Since it seems we have entered the world of the soon-to-be car-buyers, Steve and I spent Saturday morning checking out what's been happening in the minivan market since we were last there. The Honda Odyssey is looking like a top choice, so we went to that dealership first to see if we could arrange a test drive. And I came to a screeching halt (I think the screeching was in my head and did not come out of my mouth, but I can't be sure) when I saw the 5-foot high cardboard cut-out of... I'm not sure what, actually. It might have been the zombie, or the superhero, or the cute monster. But the kicker was the caption: "To Each Their Own." While I appreciate the sentiment (I think it describes the individualizability of the Honda Civic), the grammar is an utter offense against nature. I am not the first blogger to note this (well, of course. I'm seldom the first blogger to do anything): here's one take, and here's another.
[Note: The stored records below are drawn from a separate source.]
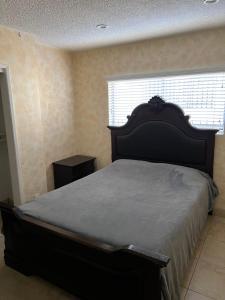 Un dormitorio con una cama y una ventana en Lovely Berryman Ave Apartment, en Los Ángeles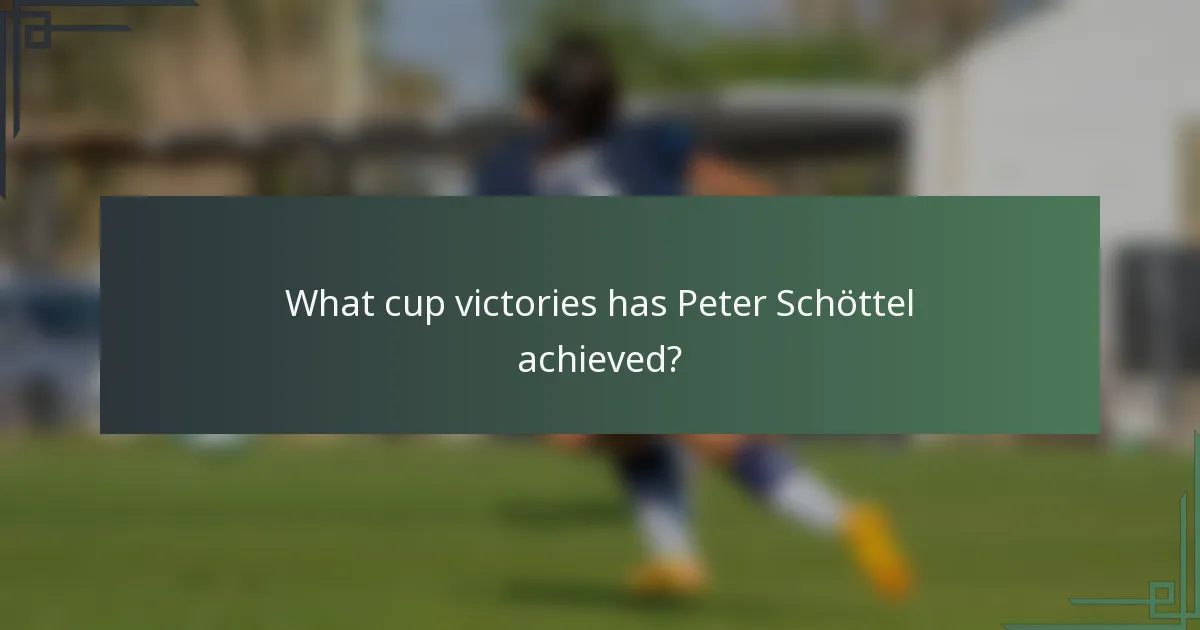 What cup victories has Peter Schöttel achieved?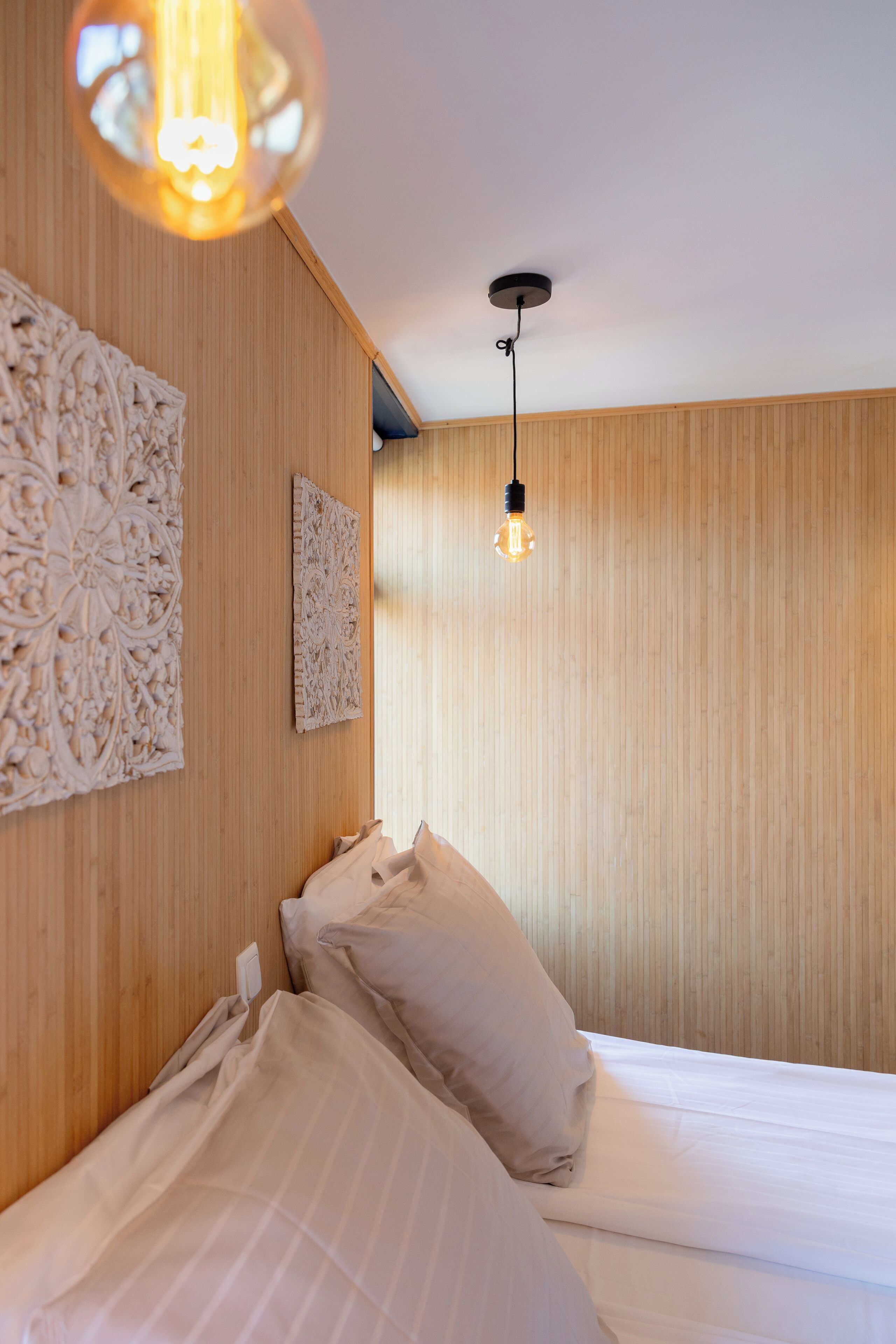 A bedroom with a wooden wall, a bed with white linens, and a hanging light fixture.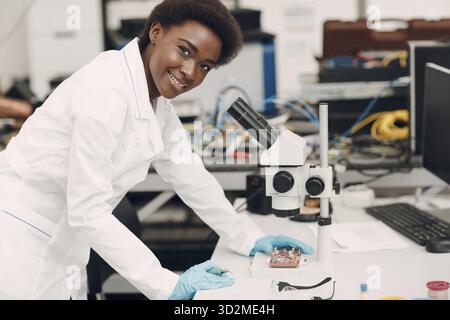Scientist african american smiling woman working in laboratory with electronic tech instruments and microscope. Research and development of electronic Stock Photo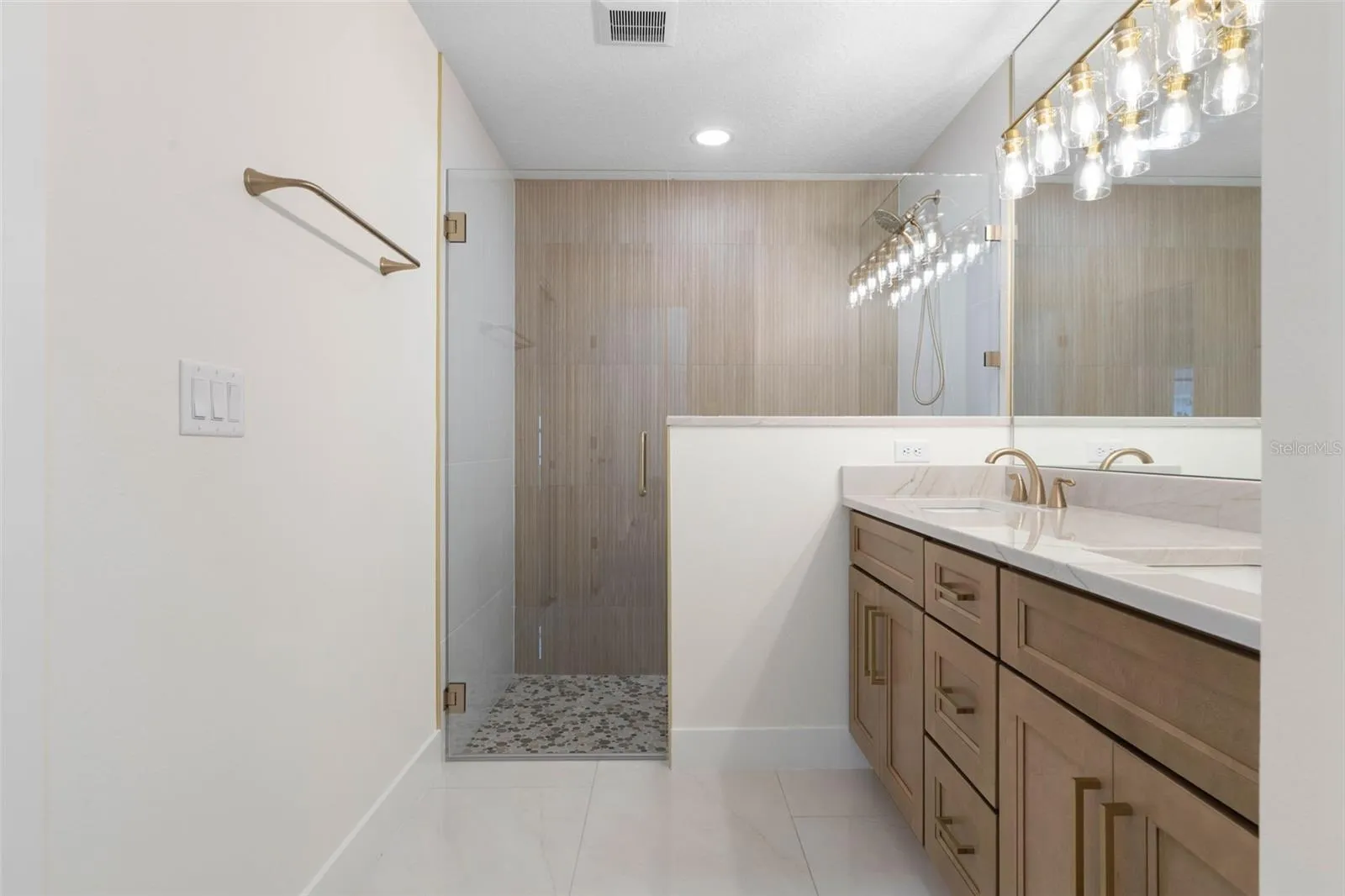 Premium Quartzite tops & elegant framless shower enclosure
As I explained to the nice lady who came up to see if we were being helped, "each" is a singular pronoun and "their" is a plural. It should be "to each his own" or "to each her own" depending on the gender of the individual portrayed. In the case of the zombie, maybe "to each its own." "To each his or her own" would be unacceptable because of cheesy political correctness and wordiness, but at least it wouldn't have set my teeth on edge. Or how about the elegant Latin solution: "cuique suum." Two words instead of four, and all three genders are represented.
So after I did my bit to attempt to slow down the decline and fall of civilization, we test drove the Odyssey. It's a nice car. We'll probably get one. But they may have to physically restrain me from defacing the cardboard ads in the showroom while we sign the papers.